0

I have been trying to give you a reproducible example, but the Period doesn't allow me read the dictionary as dataframe. So I just transformed my dataframe to dictionary and copied here (If you can tell me how to make it reproducible I will edit this). The dataframe is a series (one column) and two indexes:

{(Period('2020-01', 'M'), False): 213,
 (Period('2020-01', 'M'), True): 21,
 (Period('2020-02', 'M'), False): 313,
 (Period('2020-02', 'M'), True): 13,
 (Period('2020-03', 'M'), False): 213,
 (Period('2020-03', 'M'), True): 23,
 (Period('2020-04', 'M'), False): 213,
 (Period('2020-04', 'M'), True): 12,
 (Period('2020-05', 'M'), False): 321,
 (Period('2020-05', 'M'), True): 121,
 (Period('2020-06', 'M'), False): 321,
 (Period('2020-06', 'M'), True): 22,
 (Period('2020-07', 'M'), False): 333,
 (Period('2020-07', 'M'), True): 11}

The thing I'm trying to do is to create a second column with the percenteges grouped per month (index level=0).
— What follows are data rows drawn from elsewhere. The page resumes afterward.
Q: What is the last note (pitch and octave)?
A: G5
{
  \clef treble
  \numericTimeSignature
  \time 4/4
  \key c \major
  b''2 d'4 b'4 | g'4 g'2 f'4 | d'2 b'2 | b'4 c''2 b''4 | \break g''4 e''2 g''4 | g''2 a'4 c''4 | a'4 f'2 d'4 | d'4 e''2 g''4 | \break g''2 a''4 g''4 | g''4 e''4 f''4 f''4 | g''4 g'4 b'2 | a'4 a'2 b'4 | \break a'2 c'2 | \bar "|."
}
I have reached this so far:

df["new_column"] = df.groupby(level=0).apply(lambda x: x/sum(x))

The error:

DateParseError: Unknown datetime string format, unable to parse: new_columns

It seems that groupby cannot recognize the date format when assigning the percentages to new_column. Why?

Chris
  • 2,019
  • 5
  • 22
  • 67
  • It will be better if you show the dataframe before you change the column to a period. Please [create a reproducible copy of the DataFrame with `df.head(20).to_clipboard(sep=',')`](https://stackoverflow.com/questions/52413246/how-to-provide-a-copy-of-your-dataframe-with-to-clipboard), [edit] the question, and paste the clipboard into a code block. – Trenton McKinney Jul 09 '20 at 21:37

1 Answers1

0

I think that you just need to add [0] after you specify the level in your groupby.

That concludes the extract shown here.